Burgess thrives in its contradictions. The town’s lone traffic light blinks yellow after 8 p.m., yet the diner beneath it stays open until midnight, its neon sign humming as regulars sip coffee and debate high school football standings. The library, a Carnegie relic with creaking oak floors, shares a block with a sleek maker-space where teens design drones. At the hardware store, a clerk in a frayed Cubs cap will still cut keys while explaining the physics of torque, and the barber next door trims sideburns with the precision of a cartographer. Walk past these places on a weekday morning and you’ll hear a chorus of screen doors slapping shut as neighbors emerge to sweep porches or wave to the mail carrier, whose name everyone knows.

Same day service available. Order your Burgess floral delivery and surprise someone today!



The park at the center of town is less a green space than a living archive. Here, under elms planted by Civil War veterans, toddlers wobble through sprinklers as retirees play chess on stone tables. Teenagers lurk near the bandshell, their laughter ricocheting off the brass plaque commemorating Burgess’s centennial. On weekends, the pavilion hosts potlucks where casserole dishes outnumber attendees, and the scent of smoked brisket mingles with the tang of freshly mown grass.
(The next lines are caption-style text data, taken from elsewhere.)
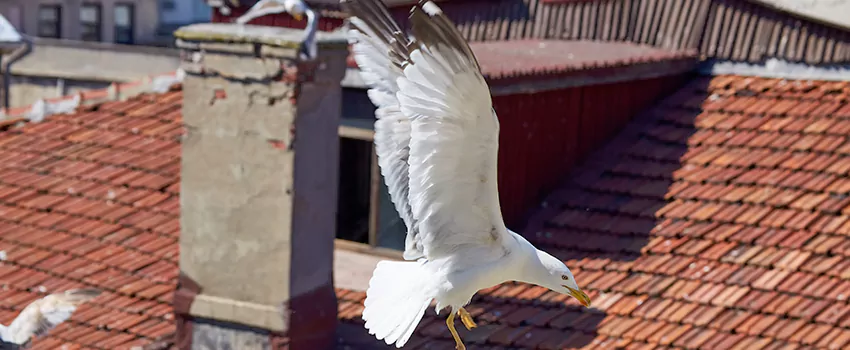 Residential Chimney Animal Removal Solution in Burlington, MA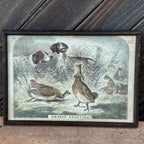 Grouse Shooting Engraving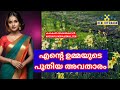 ഉമ്മയുടെ ശാന്തി നിലയം motivational life stories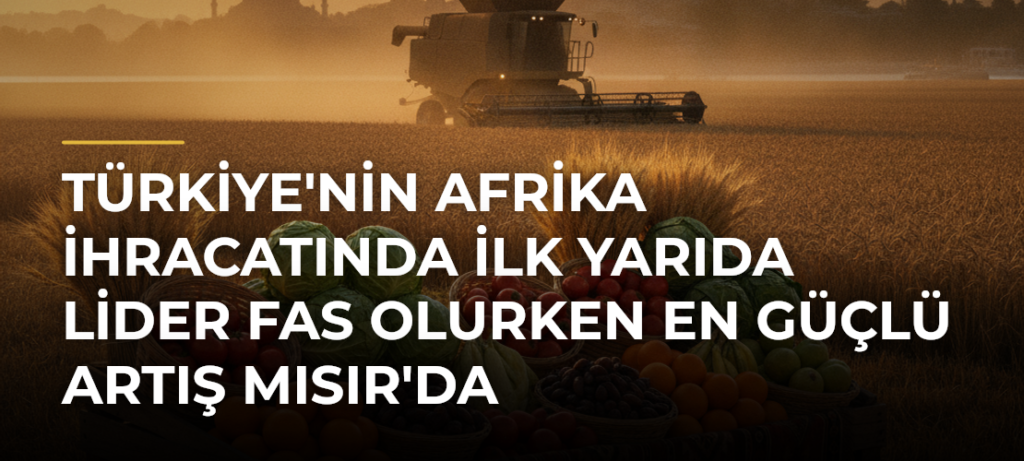 Türkiye’nin Afrika İhracatında İlk Yarıda Lider Fas Olurken En Güçlü Artış Mısır’da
An observer might note how the park’s gazebo, repainted annually by volunteers in a rotating palette of pastels, functions less as decor than a shared project, a reason to gather, to argue about eggshell versus ivory, to collaborate on something that outlasts the workday.

What Burgess understands, and what its residents articulate not in words but in reflex, is the alchemy of proximity. The farmer’s market that spills into the parking lot every Saturday isn’t merely a place to buy heirloom tomatoes. It’s where the florist learns the math teacher’s orchids have bloomed, where the fire chief’s daughter sells lemonade to fund her robotics club, where a newcomer, gripping a tote bag, is handed a zucchini and a recipe for cobbler in the same gesture. Even the train that barrels through each afternoon, shaking windows in its wake, serves as punctuation, a reminder that life here moves at a rhythm felt in the bones, a cadence that syncs to the cicadas’ drone in August or the freeze-thaw cycle of the public pool.

To call Burgess quaint would be to undersell its quiet resilience. The town doesn’t ignore modernity; it metabolizes it. The same families that donate to GoFundMe campaigns for hospital bills also throw change into a mason jar at the gas station to cover strangers’ fuel costs. When the high school’s coding team won a state trophy, the fire department paraded them through downtown on ladder trucks, sirens wailing like joy made audible. Burgess is a place where the past isn’t preserved behind glass but carried forward, tenderly, in the way a grandmother’s cast-iron skillet seasons over decades, each meal layering history into the metal.

You won’t find Burgess on postcards. It doesn’t need you to romanticize it. What it offers is simpler: the chance to stand under that water tower at dusk, watching the sky bruise purple over cornfields, and realize that belonging isn’t something you find. It’s something you practice, daily, in a town that keeps your name in its mouth like a favorite word.